I found one more line of importance that I didn't see originally: in line 288 the hash of a new block is only determined by the hash of the previous block and the pubkey of the account creating the new one.

Now I think I understand the thought process, but I would have preferred to read it from the creator in their own words. I still feel that this requires a formal proof that it can't be gamed (not even by a large enough stake), and it's far from convincing.

I agree that these are fundamental questions, and are the only reason why I wanted to look into the code, or have some specifications. This coin advertises itself as the first 100% proof-of-stake system, without revealing anything about how they solved the problems that prevented others to create one.

Looking into the code I couldn't find anything addressing the usual concerns about 100% PoS. (or is this one of the "injected" bugs? the part of the code securing PoS is simply missing?)

Answer to (1) is pretty much the same as Bitcoin: it just builds a chain of blocks, stores everything, cross-checks new blocks with old ones. It adds some spin to how accounts and public keys are stored, but there is no real innovation here.

(2) and (3) are more interesting. The algorithms seems to be the straightforward PoS: From the previous block it creates a hash. Each second it creates a (hash('time elapsed since last block' ,  'own account key') * 'amount of coins on account') which it calls "target", and that determines whether the account has the right to create a new block or not.
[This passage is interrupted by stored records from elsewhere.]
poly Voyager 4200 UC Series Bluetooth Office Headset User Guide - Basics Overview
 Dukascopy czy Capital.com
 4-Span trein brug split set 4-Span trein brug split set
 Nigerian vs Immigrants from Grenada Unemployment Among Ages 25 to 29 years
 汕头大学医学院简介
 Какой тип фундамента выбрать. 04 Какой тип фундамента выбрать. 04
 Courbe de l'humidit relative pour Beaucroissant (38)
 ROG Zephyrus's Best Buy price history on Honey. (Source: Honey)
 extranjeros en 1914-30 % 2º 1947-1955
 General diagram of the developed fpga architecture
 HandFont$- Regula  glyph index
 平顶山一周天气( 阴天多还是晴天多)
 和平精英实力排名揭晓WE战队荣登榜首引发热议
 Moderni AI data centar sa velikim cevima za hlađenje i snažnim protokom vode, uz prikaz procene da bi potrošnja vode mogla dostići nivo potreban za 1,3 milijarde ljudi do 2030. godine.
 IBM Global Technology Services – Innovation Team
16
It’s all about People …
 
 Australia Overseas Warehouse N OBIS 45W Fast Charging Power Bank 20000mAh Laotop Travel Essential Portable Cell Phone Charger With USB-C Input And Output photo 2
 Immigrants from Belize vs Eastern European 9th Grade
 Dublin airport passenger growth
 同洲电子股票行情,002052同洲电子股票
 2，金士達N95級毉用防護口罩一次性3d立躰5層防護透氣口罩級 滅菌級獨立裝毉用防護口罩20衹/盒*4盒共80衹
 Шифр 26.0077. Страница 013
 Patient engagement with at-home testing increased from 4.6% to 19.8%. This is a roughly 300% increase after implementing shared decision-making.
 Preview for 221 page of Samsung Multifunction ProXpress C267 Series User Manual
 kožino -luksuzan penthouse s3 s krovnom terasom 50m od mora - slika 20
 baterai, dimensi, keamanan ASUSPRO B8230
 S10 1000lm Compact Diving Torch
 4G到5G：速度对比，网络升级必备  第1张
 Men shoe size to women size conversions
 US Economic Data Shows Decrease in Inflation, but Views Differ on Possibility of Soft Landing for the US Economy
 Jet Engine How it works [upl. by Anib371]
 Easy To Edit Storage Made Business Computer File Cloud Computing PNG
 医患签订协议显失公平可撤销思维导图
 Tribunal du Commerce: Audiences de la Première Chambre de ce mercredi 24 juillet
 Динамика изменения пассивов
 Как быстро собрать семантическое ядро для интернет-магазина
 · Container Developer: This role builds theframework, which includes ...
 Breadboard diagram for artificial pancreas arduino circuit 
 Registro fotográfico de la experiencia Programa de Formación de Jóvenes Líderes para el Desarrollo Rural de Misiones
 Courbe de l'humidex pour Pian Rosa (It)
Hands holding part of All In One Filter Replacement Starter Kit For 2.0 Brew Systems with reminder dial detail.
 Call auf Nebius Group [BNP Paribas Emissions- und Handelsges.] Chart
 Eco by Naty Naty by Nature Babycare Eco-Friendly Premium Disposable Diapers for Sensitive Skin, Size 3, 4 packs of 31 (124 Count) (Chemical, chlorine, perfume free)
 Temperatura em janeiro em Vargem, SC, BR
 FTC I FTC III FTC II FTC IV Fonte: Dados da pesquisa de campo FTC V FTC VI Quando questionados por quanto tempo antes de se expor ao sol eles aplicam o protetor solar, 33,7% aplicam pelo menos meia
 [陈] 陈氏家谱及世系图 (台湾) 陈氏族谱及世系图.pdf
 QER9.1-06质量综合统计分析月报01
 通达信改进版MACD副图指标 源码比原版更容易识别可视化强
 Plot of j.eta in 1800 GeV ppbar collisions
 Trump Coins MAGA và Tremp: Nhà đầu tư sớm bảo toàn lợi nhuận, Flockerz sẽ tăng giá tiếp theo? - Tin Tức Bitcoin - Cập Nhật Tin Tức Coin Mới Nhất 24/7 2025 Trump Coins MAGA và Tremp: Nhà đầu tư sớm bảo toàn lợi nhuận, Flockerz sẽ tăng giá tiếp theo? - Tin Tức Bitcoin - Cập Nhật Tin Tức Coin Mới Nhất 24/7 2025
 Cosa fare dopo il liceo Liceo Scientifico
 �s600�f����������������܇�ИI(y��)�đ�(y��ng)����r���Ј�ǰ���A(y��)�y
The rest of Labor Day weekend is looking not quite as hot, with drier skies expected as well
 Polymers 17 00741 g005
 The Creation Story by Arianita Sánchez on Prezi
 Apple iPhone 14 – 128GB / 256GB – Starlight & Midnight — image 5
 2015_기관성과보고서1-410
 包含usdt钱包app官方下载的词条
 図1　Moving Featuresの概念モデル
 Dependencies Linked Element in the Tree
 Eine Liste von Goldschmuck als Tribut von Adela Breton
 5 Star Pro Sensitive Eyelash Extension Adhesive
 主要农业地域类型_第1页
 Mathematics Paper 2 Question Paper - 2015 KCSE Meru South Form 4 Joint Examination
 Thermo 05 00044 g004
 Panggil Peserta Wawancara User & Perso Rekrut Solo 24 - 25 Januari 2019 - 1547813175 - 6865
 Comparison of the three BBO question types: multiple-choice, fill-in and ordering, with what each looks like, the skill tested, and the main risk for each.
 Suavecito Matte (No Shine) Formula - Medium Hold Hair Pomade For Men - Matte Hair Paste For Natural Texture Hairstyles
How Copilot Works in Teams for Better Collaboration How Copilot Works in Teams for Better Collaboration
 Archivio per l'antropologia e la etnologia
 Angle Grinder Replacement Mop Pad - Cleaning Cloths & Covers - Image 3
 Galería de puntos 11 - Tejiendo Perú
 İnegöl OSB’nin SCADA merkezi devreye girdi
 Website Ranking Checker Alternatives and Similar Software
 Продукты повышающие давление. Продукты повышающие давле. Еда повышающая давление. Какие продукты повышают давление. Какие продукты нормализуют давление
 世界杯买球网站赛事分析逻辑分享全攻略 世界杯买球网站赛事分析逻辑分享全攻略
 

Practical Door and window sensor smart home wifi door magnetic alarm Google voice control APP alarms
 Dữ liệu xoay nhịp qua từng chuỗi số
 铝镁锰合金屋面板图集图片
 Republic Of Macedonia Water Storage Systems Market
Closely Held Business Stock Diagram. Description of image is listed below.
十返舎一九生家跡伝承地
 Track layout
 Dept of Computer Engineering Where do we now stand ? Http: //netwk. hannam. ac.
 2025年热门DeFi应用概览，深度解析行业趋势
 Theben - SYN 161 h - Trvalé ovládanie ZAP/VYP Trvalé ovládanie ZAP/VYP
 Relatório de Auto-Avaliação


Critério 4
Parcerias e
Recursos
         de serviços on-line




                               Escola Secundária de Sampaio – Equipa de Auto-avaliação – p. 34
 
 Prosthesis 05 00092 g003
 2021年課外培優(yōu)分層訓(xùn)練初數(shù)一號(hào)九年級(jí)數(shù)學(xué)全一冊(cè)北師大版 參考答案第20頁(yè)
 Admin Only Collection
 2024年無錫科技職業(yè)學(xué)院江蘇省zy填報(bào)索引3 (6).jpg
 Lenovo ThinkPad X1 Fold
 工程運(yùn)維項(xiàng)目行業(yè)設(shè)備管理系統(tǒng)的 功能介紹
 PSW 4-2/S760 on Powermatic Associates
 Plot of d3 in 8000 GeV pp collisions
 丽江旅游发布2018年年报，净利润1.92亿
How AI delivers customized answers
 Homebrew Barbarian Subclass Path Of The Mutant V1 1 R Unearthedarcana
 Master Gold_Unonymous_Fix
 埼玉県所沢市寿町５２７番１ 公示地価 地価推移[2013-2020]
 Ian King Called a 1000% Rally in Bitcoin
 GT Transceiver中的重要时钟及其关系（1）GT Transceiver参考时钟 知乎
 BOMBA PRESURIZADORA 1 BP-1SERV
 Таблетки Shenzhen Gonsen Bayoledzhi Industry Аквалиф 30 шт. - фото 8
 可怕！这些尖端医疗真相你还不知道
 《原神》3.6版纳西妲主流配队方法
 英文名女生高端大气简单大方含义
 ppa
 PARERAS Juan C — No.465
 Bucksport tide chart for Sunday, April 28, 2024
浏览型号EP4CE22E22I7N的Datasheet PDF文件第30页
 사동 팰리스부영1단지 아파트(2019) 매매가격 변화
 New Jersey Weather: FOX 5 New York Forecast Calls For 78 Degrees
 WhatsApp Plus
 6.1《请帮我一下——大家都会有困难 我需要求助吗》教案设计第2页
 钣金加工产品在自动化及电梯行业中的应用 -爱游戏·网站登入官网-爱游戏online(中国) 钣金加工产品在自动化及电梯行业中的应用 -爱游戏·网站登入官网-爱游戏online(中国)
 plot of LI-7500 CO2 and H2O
Additionally 'amount of coins' is zeroed out if the account has created a block within the last 1440 blocks.

I spent only around 30 mins reading the code, so at this point there are three options:
- There are somewhere else some additional rules to make the scheme actually secure that I haven't found.
- This is one of the purposefully injected bugs.
- The PoS is insecure and doesn't even attempt to address the issues that prompted the creators of other coins (such as peercoin) to also incorporate PoW to fix the shortcoming of PoS.